>>

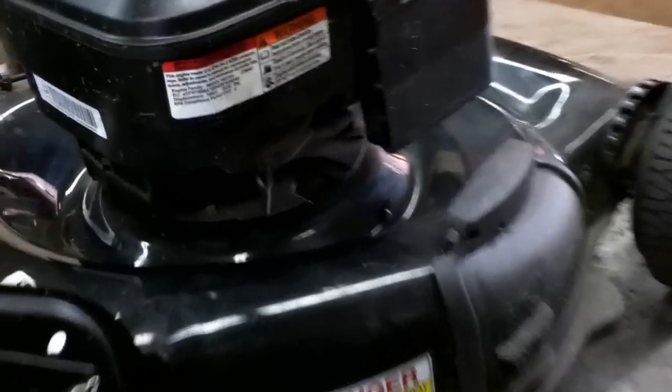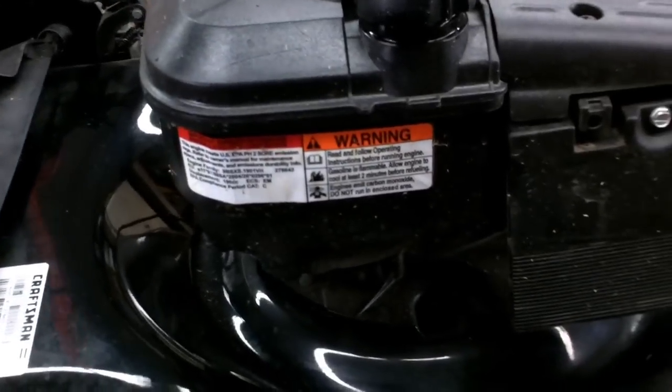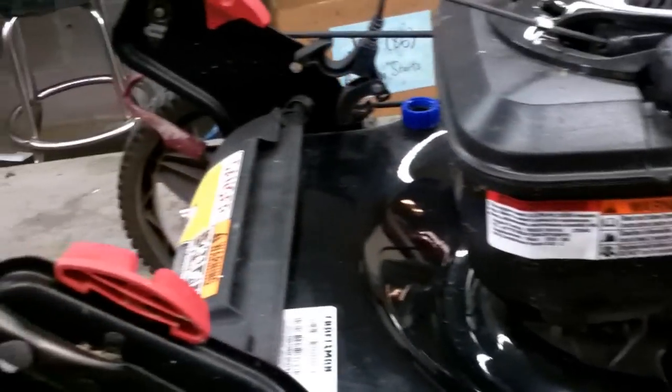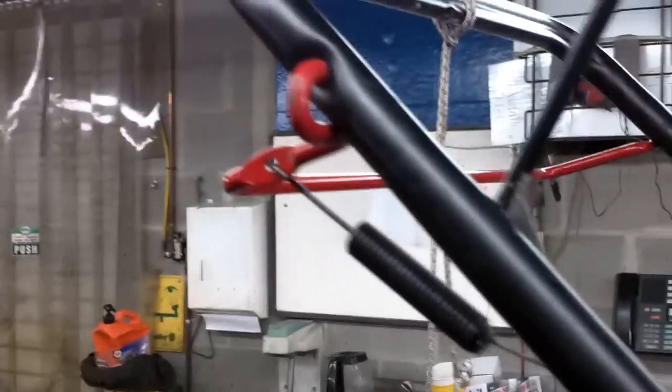Good afternoon, Mower Medic here. Today I have a little Craftsman mower on the bench. A good customer of mine comes back all the time for service on his equipment and he takes good care of it — he washes it, waxes it, lubricates the wheels and whatnot. The cosmetic stuff is fine, everything looks good. He even takes WD-40 and wipes down his handles so they'll shine.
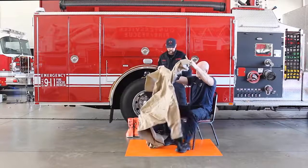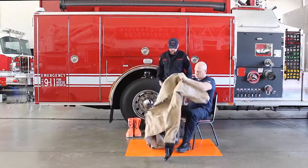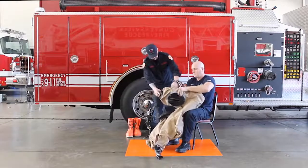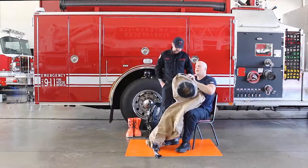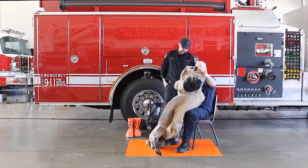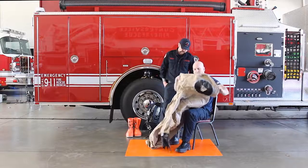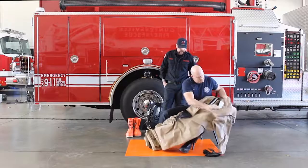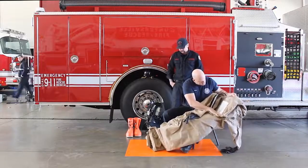Conduct a brief visual inspection of the garment before beginning donning procedure. Open the garment zipper closure completely and read the garment size label to assure proper fit.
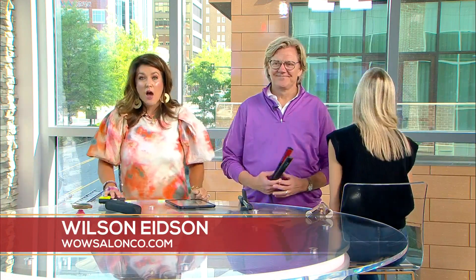It's time to work it on a Wednesday and we've got Wilson Edson here from Wow Salon. Every time I go in I get my hair curled and I love it, and then I'm like, how can I do that at home? Clearly I need to buy certain tools — clearly you ordered from Instagram and this is what you got. This is a great tool, I'm glad to be here.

<<

Transcribe all of the data above verbatim but omit every picture.

#### [RESPONSE BELOW]
Good afternoon, Mower Medic here. Today I have a little Craftsman mower on the bench. A good customer of mine comes back all the time for service on his equipment and he takes good care of it — he washes it, waxes it, lubricates the wheels and whatnot. The cosmetic stuff is fine, everything looks good. He even takes WD-40 and wipes down his handles so they'll shine.
Conduct a brief visual inspection of the garment before beginning donning procedure. Open the garment zipper closure completely and read the garment size label to assure proper fit.
It's time to work it on a Wednesday and we've got Wilson Edson here from Wow Salon. Every time I go in I get my hair curled and I love it, and then I'm like, how can I do that at home? Clearly I need to buy certain tools — clearly you ordered from Instagram and this is what you got. This is a great tool, I'm glad to be here.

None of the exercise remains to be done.